One video shows agents detaining a Jamaican woman visiting her granddaughter in the United States while the other shows agents arresting a 12-year-old Miami resident from Trinidad.
"According to Greyhound's website, the company prides itself on 'providing safe, enjoyable and affordable travel to nearly 18 million passengers each year in the United States and Canada,'" the letter reads, according to the complaint. "We do not see how this mission comports with authorizing dragnet CBP [Customs and Border Protection] searches of Greyhound's passengers."
But in a statement Thursday night, Greyhound called on Congress to "change the law" that allows agents to conduct warrantless raids on its buses. It also denied voluntarily allowing agents to board its buses, but said it doesn't stop them so as not to risk the safety of passengers and drivers.
"Greyhound does not coordinate with CBP, nor do we support these actions," the statement reads. "That is why we are calling on Congress to change the law and will support positive efforts to do so."
Cordova is suing on behalf of a class of California passengers after witnessing a November 2017 raid on a bus bound for Phoenix, Arizona from San Diego, California.
While still in California, she says, her bus pulled over, and up to four immigration agents boarded to question passengers.
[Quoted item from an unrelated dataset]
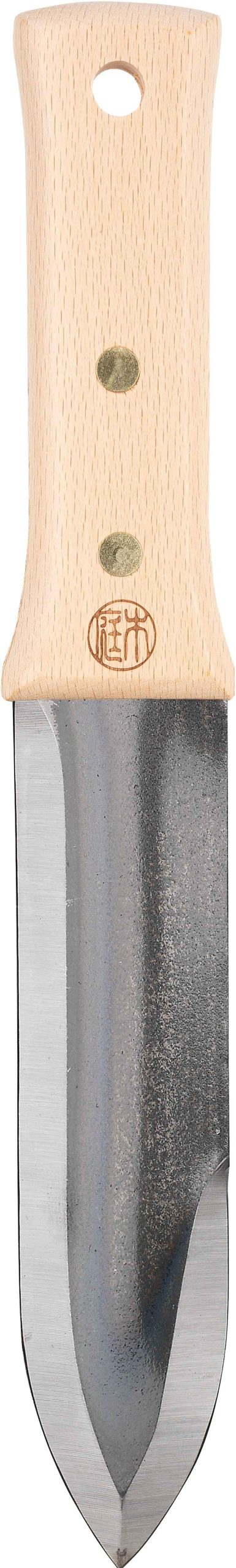 Essentials Niwaki | Niwaki Hori Horijapanese Weeding Trowel + Canvas Sheath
A Deferred Action for Childhood Arrivals, or DACA, recipient was pulled off the bus and questioned for a half hour before the bus was allowed to continue its journey.
Agents routinely question non-white passengers while leaving white ones alone, she says.
With no indication Greyhound will stop the raids on its own, she seeks an injunction ordering the company to stop them.
"[O]ur client and those like her who choose to ride Greyhound buses deserve to have their dignity and legal rights respected," her attorney, Darren Robbins, said by email Thursday.
Robbins is with Robbins Geller Rudman & Dowd in San Diego.